TO DO>
Return the lines of the data below starting at the one holding "Tracy Chevalier" and ending at the one holding "Maison 11 pièces", word for word, leaving every picture out.

INFORMATION GIVEN>
################
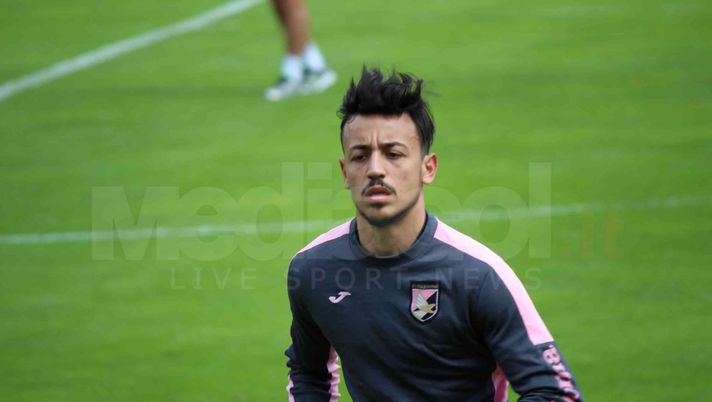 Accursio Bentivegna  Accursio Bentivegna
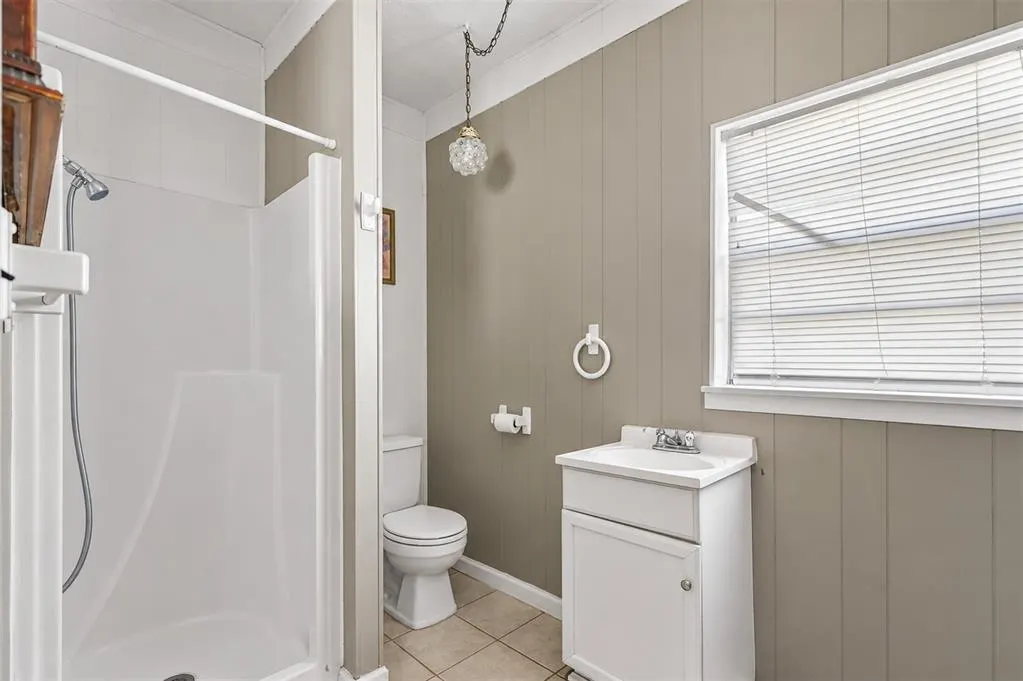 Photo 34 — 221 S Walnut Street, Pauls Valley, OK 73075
################
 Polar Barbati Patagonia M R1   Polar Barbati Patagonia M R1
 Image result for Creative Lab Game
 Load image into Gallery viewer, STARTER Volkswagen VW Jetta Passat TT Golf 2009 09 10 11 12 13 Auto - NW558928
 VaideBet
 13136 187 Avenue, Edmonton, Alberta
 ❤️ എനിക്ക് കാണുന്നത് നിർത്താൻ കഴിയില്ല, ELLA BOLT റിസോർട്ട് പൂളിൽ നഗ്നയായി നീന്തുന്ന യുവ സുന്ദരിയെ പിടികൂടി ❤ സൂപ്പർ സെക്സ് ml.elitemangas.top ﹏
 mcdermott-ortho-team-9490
################
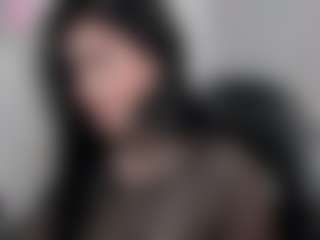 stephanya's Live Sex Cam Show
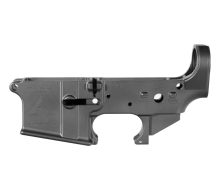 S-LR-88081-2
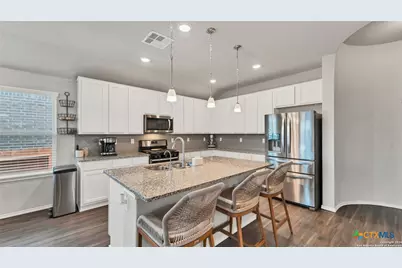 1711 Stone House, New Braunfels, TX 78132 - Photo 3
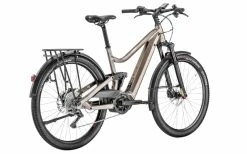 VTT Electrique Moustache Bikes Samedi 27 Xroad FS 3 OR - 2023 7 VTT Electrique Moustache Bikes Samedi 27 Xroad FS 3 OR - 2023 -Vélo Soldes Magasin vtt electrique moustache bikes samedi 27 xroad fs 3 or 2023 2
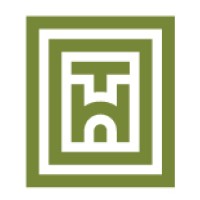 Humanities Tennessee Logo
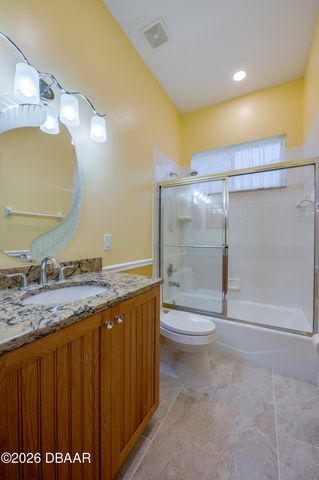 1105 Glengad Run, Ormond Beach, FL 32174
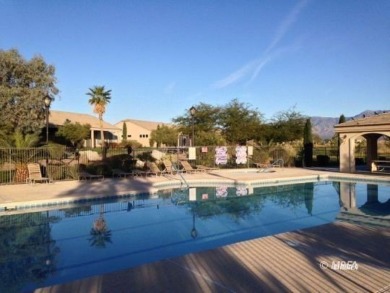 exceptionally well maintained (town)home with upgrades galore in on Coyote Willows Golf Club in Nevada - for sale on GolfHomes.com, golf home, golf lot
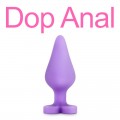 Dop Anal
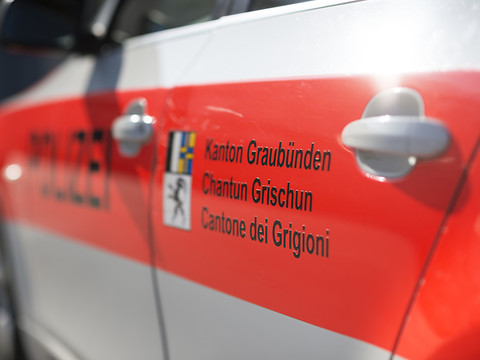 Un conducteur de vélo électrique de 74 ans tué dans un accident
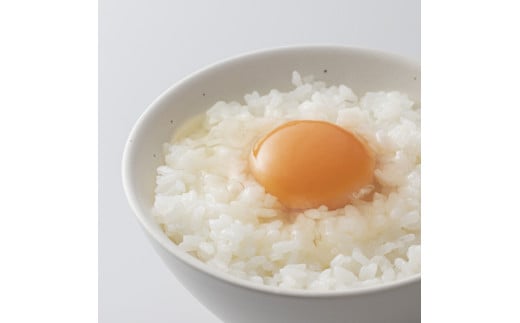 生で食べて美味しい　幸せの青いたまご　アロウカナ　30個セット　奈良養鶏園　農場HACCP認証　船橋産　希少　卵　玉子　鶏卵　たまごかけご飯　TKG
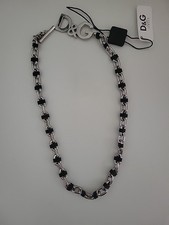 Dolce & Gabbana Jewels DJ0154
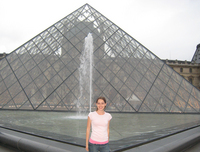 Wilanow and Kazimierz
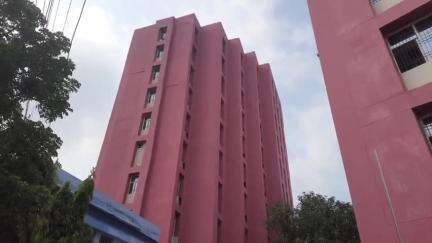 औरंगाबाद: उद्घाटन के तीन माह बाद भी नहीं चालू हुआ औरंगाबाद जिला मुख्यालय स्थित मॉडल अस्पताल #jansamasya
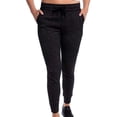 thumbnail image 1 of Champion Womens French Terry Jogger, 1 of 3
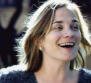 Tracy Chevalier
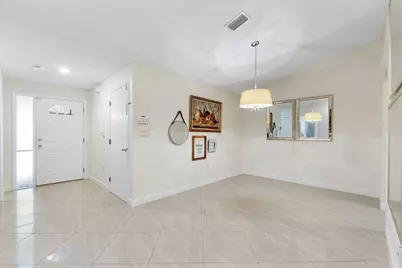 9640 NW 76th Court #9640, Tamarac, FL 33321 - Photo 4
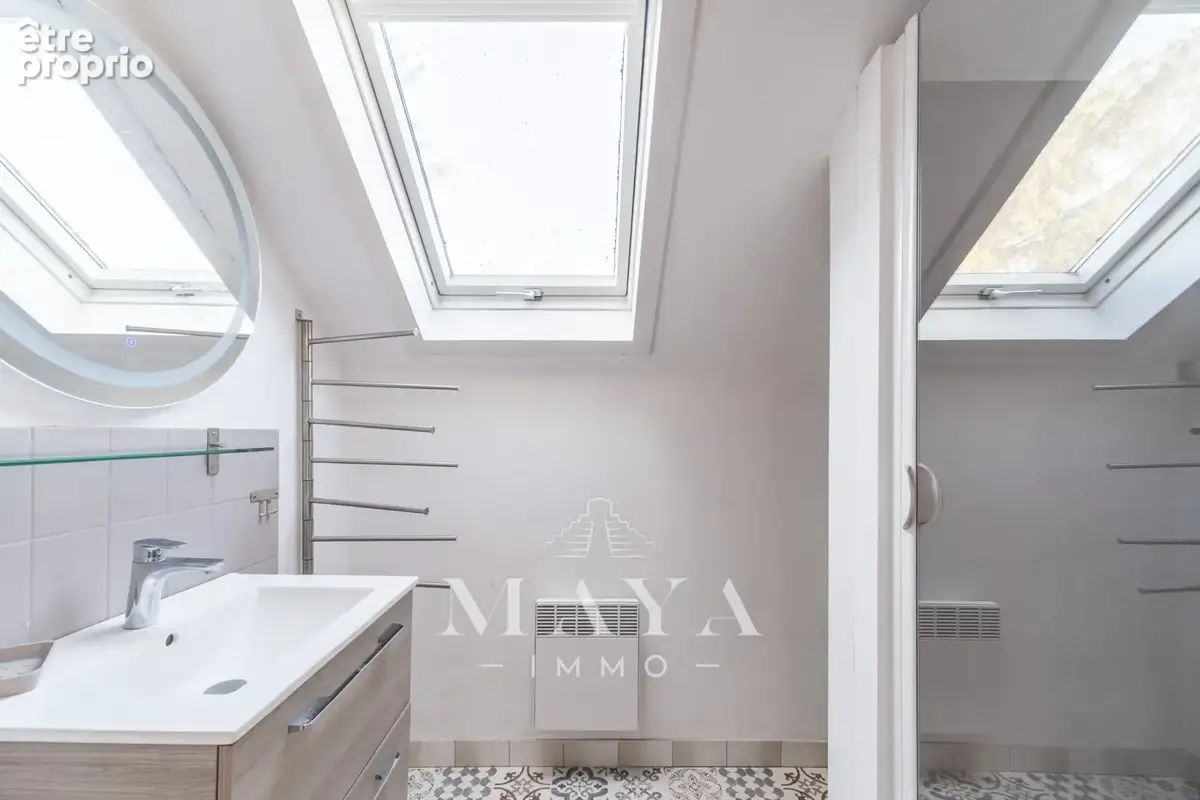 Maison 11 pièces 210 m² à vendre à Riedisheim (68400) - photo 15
################
SOLUTION FOR THIS TASK>
 Tracy Chevalier
 9640 NW 76th Court #9640, Tamarac, FL 33321 - Photo 4
 Maison 11 pièces 210 m² à vendre à Riedisheim (68400) - photo 15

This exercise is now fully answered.